Nature too was generous to central Dalmatia, creating a harmony of urban centres and a still exceptionally preserved environment, on a densely populated coastline and on a series of islands bedecked in greenery. Bol on the island of Brač is where you can find the well-known Zlatni rat (Golden Cape) beach whose shape changes depending on the direction of the wind and waves. Central Dalmatia is characterised by the longest natural mainland pebble beaches, overhung by a natural shield from the sun - Dalmatian pines that create shade, especially characteristic of the Makarska Riviera and in particular of Brela, an area held by many to be the home of the most beautiful natural beaches on the Adriatic, opening to a crystal clean sea.
Rising directly above these beaches is the massif of Biokovo Nature Park of which it is said that "its feet are in the sea, and its forehead in lightning." Its peak of Sveti Juraj (St. George), standing 1762 metres above sea level, offers a clear view on sunny days to the most distant islands on the open sea. Biokovo is a habitat to many endemic plant and animal species with Chamois to this day roaming its sparse pastures.
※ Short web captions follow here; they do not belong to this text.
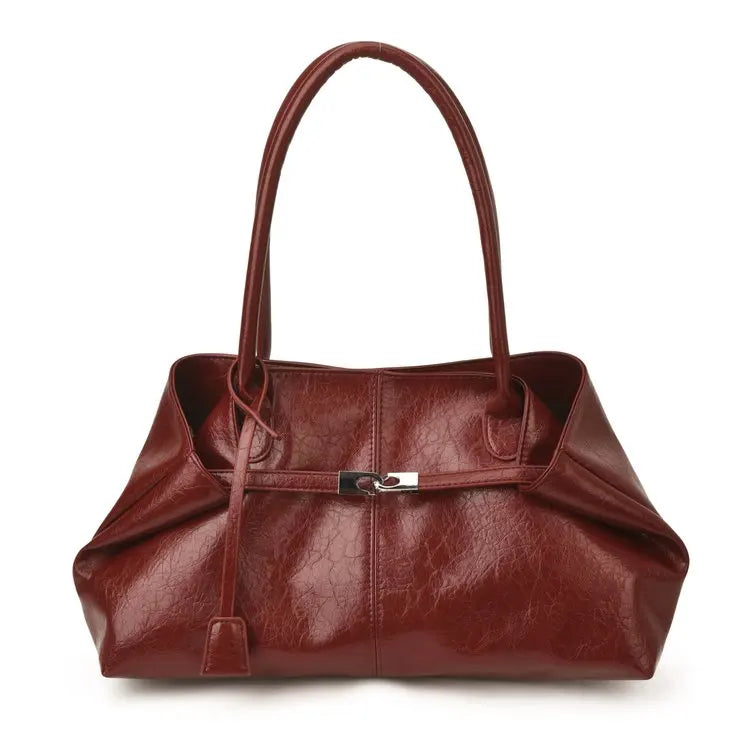 2026 New Large Capacity Soft Leather Pleated Women's Handbag Retro Commuter Tote Bag Quality Single Shoulder Slant Bag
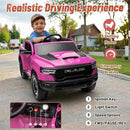 Licensed Ram 1500 Ride on Toys for Kids 4-8, Ride-on Electric Car for Kids with Remote Control, Battery Powered with Car Key/Gear Selector, LED Light/Music/MP3, Back Storage (Pink) by TinyTreasures Baby Boutique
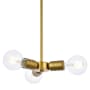Elegant Lighting Reyes 3 Light 8" Wide Mini Pendant Brass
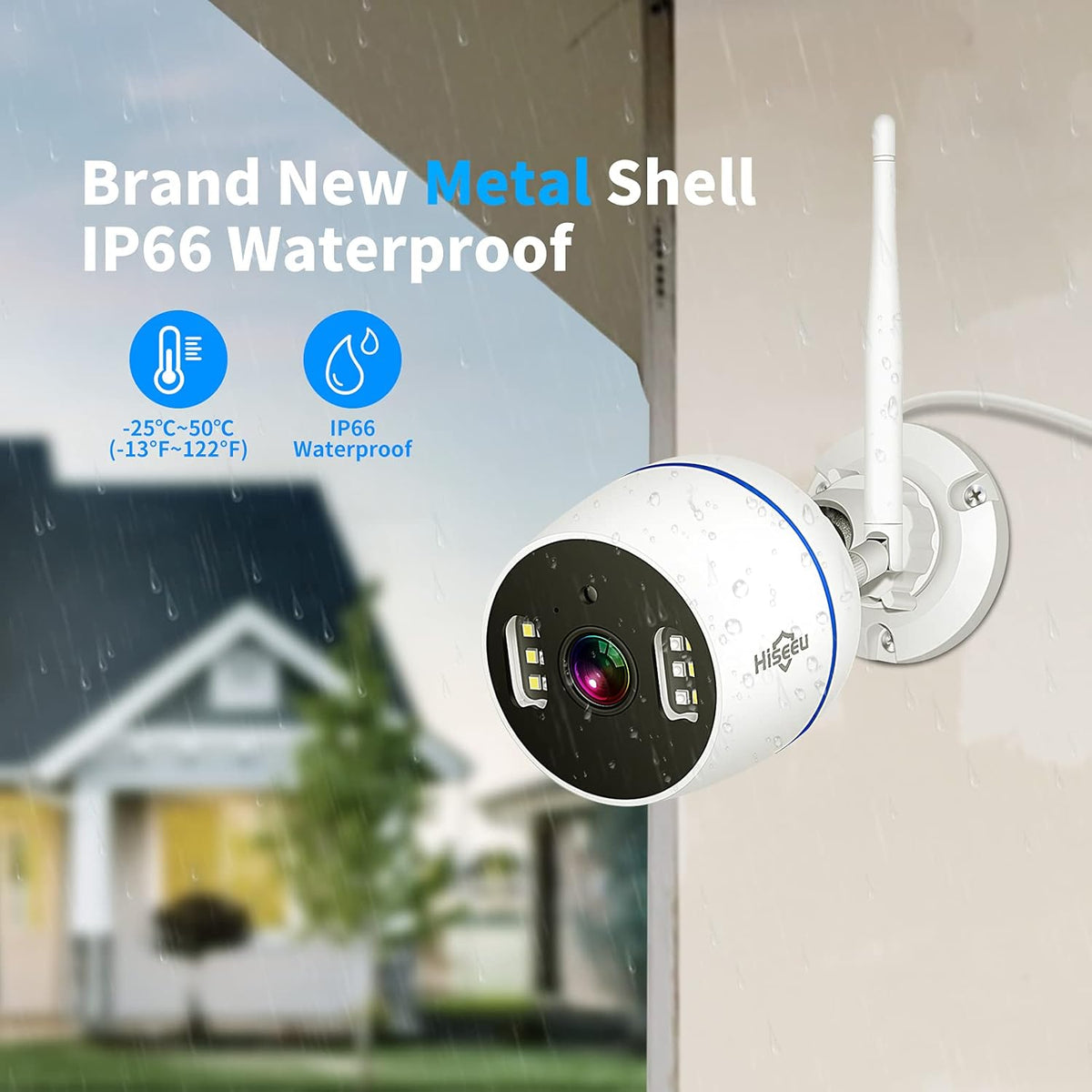 2K Outdoor Security Camera Bullet, 3MP IP66 Waterproof X423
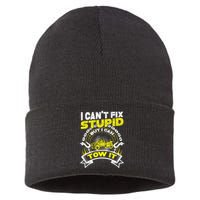 Tow Truck Driver Wrecker I Can't Fix Stupid But I Can Tow It Sustainable Knit Beanie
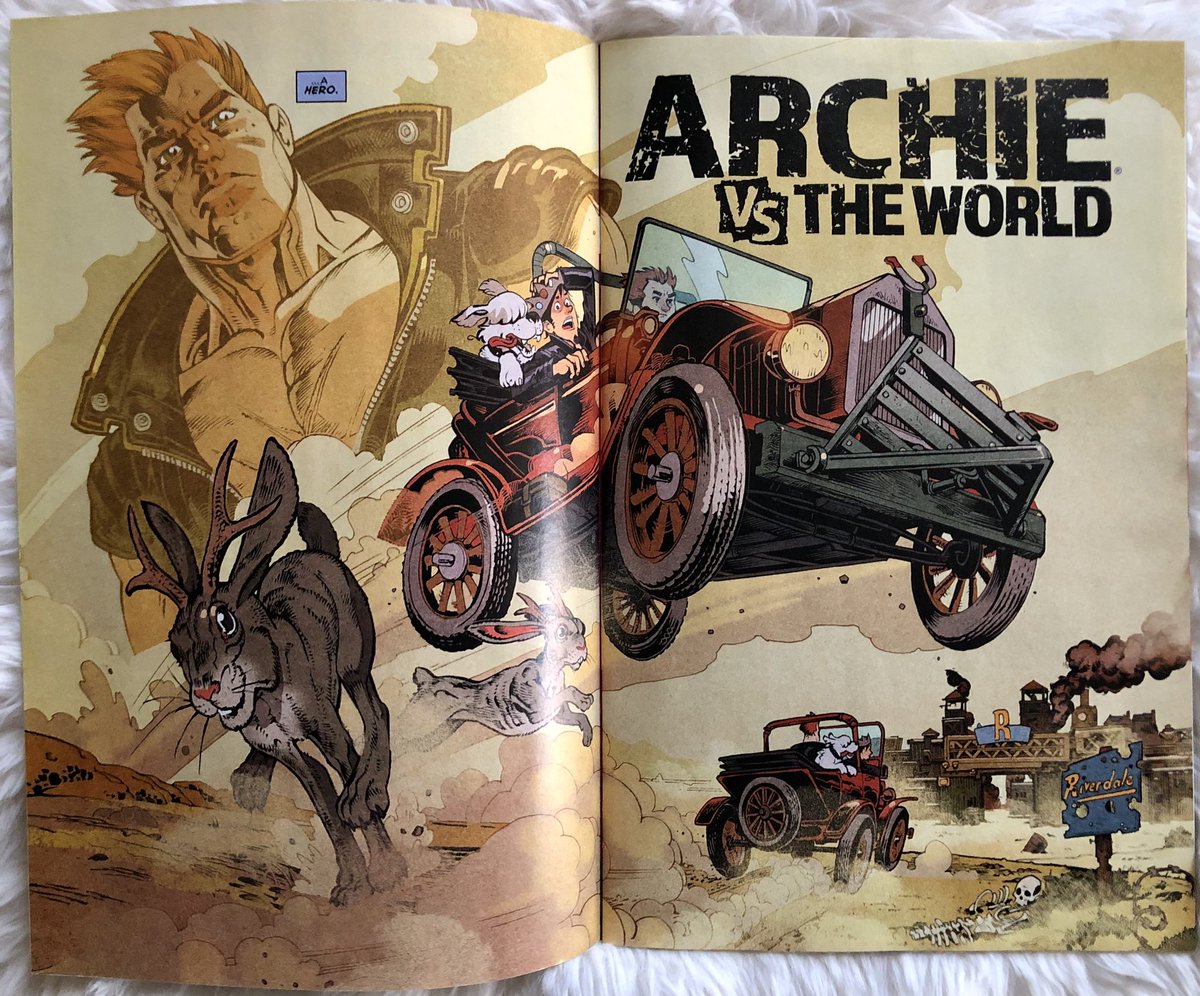 DallanB's tweet photo. Modern Archie singles tend to disappoint me. Not enough meat on 20 pages of bones.
Not this time!
This was a visual tour de force, w/just enough story to really make me smile.
Well worth the ⏰ &amp; 💰.
“…Fury Road meets Fist Of The North Star...”
FUN‼️👍🏼👍🏼
#ArchieVsTheWorld (2023) https://t.co/84QUkeoLfd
Biokovo is also known for the phenomenon of its spectacular sunrises at summer dawns. One of the most attractive natural phenomenon on the Adriatic is the Modra Špilja (Blue Grotto) on the small island of Biševo near the larger neighbouring island of Vis. The grotto, only 17 metres wide and 31 long, is entered by boat through a small entrance among the rocks opening to the sea. Sunlight penetrates the grotto's interior through a submarine opening, illuminating the sea and visitors in silver-blue tones. Nearby is the only known habitat of the Mediterranean monk seal.